What is this about?: Ana is Affinite, a Princess with the power to control blood. She is also determined to find her father’s killer and is on her way to finding out just what she’s capable of to achieve that. Including working (and threatening) Ramson Quicktongue, criminal to help her find the man she thinks killed her father.
What else is this about?: It’s an introduction to Ana, to her world.
This hot debut is the first book in an epic new series about a princess hiding a dark secret and the con man she must trust to clear her name for her father’s murder.
In the Cyrilian Empire, Affinites are reviled. Their varied gifts to control the world around them are unnatural—dangerous. And Anastacya Mikhailov, the crown princess, has a terrifying secret. Her deadly Affinity to blood is her curse and the reason she has lived her life hidden behind palace walls.
When Ana’s father, the emperor, is murdered, her world is shattered. Framed as his killer, Ana must flee the palace to save her life. And to clear her name, she must find her father’s murderer on her own. But the Cyrilia beyond the palace walls is far different from the one she thought she knew. Corruption rules the land, and a greater conspiracy is at work—one that threatens the very balance of her world. And there is only one person corrupt enough to help Ana get to its core: Ramson Quicktongue.
A cunning crime lord of the Cyrilian underworld, Ramson has sinister plans—though he might have met his match in Ana. Because in this story, the princess might be the most dangerous player of all.
Per the article I linked to above, there’s a line from Tolkien in this that generated claims of plagiarism, and to be honest, I read Tolkien so long ago I can barely remember anything from it, and any similarities to the Hunger Games (to which is this being compared to) would have passed me by because neither the books nor the movies interested me.
What is Blood Heir about?
At its core, it’s about a search for a murderer, hiding in plain sight in Cyrilia. Ana is searching for Ransom when the book opens, lying her way into a prison to get information from him and the book does not let up from there.

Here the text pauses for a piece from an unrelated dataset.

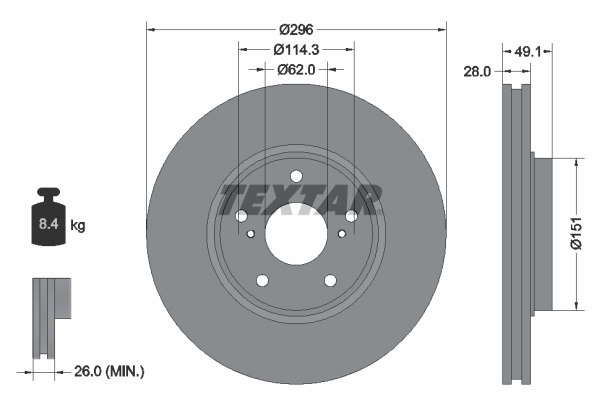 TEXTAR 92185403 PRO Bremsscheibe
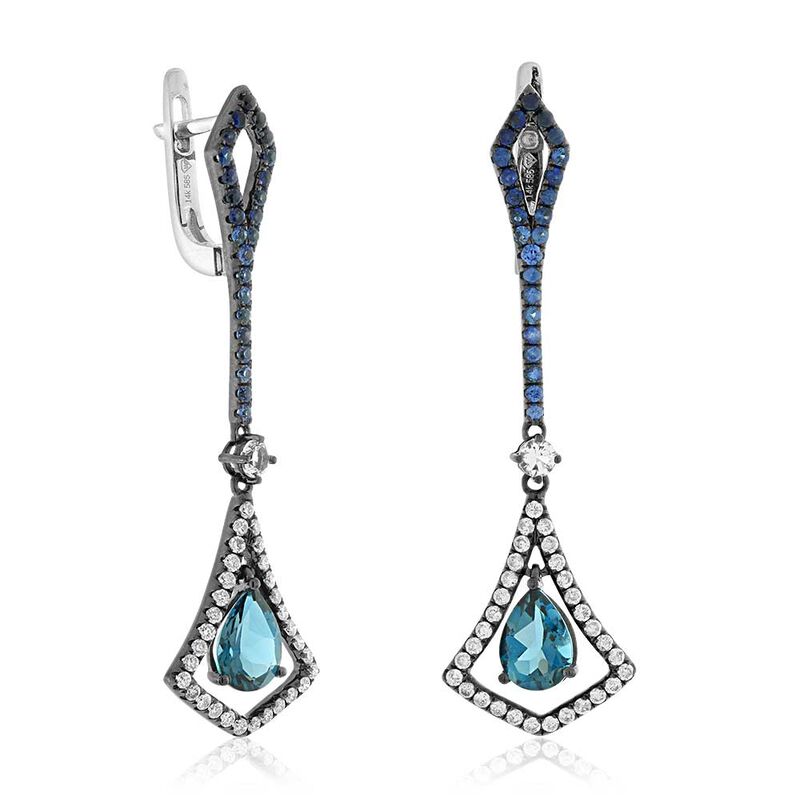 Blue Topaz, Sapphire & Diamond Earrings 14K image number 0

Zhao has written this story with stellar pacing, to the point that Ana’s fear, the feeling that she is running out of time for something was felt as I turned every page.
From prison, Ransom and Ana strike a bargain that see them working together for their own ends and travelling through the country, giving readers a chance to see more of the horrors that Affinites endure. There comparison to the slavery — modern and historical — is impossible to ignore. Affinites cannot speak for fear of reprisal from their owners. There are those who become the hunters for fear of becoming the hunted.
Ana has never truly understood the horrors the Affinites endure and as she travels through the country she wonders what her father knew. I thought it was great that she began to question a man she still longed for approval from.
Her relationship with Ransom is antagonistic, and while something blooms between them by the end, I wasn’t convinced this book needed that. The push and pull between them, when they are out for their own ends, and helping the other to get there made for far more interesting characters. I will say though, it’s a slow burn — for me at least.
From my review, and the focus on Ana, you’ll see she held most of my attention in the book. That’s not to say Ransom didn’t have his own character arc, and developed across the book — I just liked Ana’s story more.
Where the book did stumble for me is the inclusion of characters like May, a young Affinite who was a plot device to get Ana to a certain place in the book and didn’t bring anything to the story for me. She had no real character arc and was essentially there to push Ana’s story forward. Part of the controversy around this book is that May was thought to be black, and her death was essentially for Ana’s benefit. Like the article pointed out, there is nothing about May that told me she was a person of colour, though I agree her role in the book was to die to push Ana’s story forward.
The last third of the book is where Zhao lets the true scope of her story out, and while the ending could have been shorter and tighter in terms of plot lines, it was entertaining to read. There are two books to go after all, and this is really just the beginning.